This was typified by his contribution in holding at bay a determined and effervescent Villa side in the away leg as they hungrily set about overturning a three-goal deficit after our 5-2 thumping of them at the Reebok. He was a man possessed that night, a shaggy-haired warrior repelling waves of attacks. It felt like he did it single-handedly amongst his tiring, wavering and faltering teammates. 

He desperately wanted the club of his heart to reach that final and when the blessed relief of the full-time whistle finally blew, I vowed I would pay tribute to his heroics by donning a comedy Campo wig. And that I did, like many other fellow devotees in the stands during the heartbreaking reverse to Middlesbrough in Cardiff.

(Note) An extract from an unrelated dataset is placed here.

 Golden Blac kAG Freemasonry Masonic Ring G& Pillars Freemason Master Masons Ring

The open letter sent to the club via the aforementioned Balague after he was denied a proper chance to say goodbye to fans due to what was an irreversible falling out with new manager Gary Megson has become the stuff of legend, such is the popular Spaniard’s place in all Wanderers’ hearts. 

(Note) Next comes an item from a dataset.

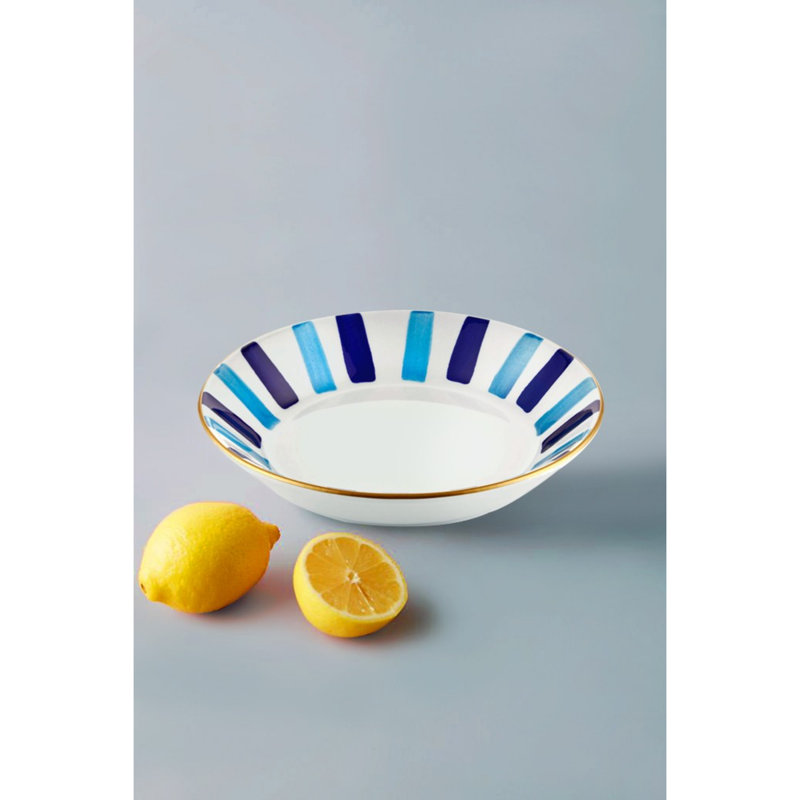 Assiette plate Abiageal, Bleu foncé / mauve / blanc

He wound down his career pretty quickly after he departed the north-west, never really recovering from the broken heart of a jilted lover. A brief 17-game sojourn at Ipswich was an undistinguished footnote in a career that took in a Champions League final, four Spain caps and legions of admirers from all corners, especially a small part of Lancashire he will always look upon fondly. 

Finally he wound up at AEK Larnaca in the Cypriot Premier League, presumably for a well-earned hot break in the Mediterranean sun in what was the autumn of his career. And who could blame him after years putting up with the Lancashire rain. He played only eight times before retiring that summer, aged 36, with a catalogue of warm memories to look back upon. 

The fact that writing this article has been an absolute joy illustrates my own strength of feeling for this Afro-permed man, with an uncomfortable running style and a propensity to crumple in a heap, often to the hilarity of our fans and himself. He’s a man who we took to our hearts, and he to ours. It’s all rather unexplainable really but that’s the beauty of life: you never know who you’re going to fall in love with. And I’m not afraid to admit it: I fell in love with Iván Campo.